[Start of section]
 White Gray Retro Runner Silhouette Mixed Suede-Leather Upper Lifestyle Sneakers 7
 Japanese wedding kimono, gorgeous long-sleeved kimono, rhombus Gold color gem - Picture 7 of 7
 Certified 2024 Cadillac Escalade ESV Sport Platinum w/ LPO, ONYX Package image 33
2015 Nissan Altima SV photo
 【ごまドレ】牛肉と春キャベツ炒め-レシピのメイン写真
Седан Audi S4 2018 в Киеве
[End of section]
[Start of section]
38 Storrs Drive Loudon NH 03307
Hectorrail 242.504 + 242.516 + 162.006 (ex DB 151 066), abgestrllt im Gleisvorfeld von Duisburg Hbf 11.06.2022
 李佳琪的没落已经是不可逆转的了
[End of section]
- Problem description: The response should hold exactly the lines starting at the line with "White Gray Retro" and ending at the line with "Седан Audi S4 2018 в Киеве", and no other line of the material above.

- Solution to the problem:
 White Gray Retro Runner Silhouette Mixed Suede-Leather Upper Lifestyle Sneakers 7
 Japanese wedding kimono, gorgeous long-sleeved kimono, rhombus Gold color gem - Picture 7 of 7
 Certified 2024 Cadillac Escalade ESV Sport Platinum w/ LPO, ONYX Package image 33
2015 Nissan Altima SV photo
 【ごまドレ】牛肉と春キャベツ炒め-レシピのメイン写真
Седан Audi S4 2018 в Киеве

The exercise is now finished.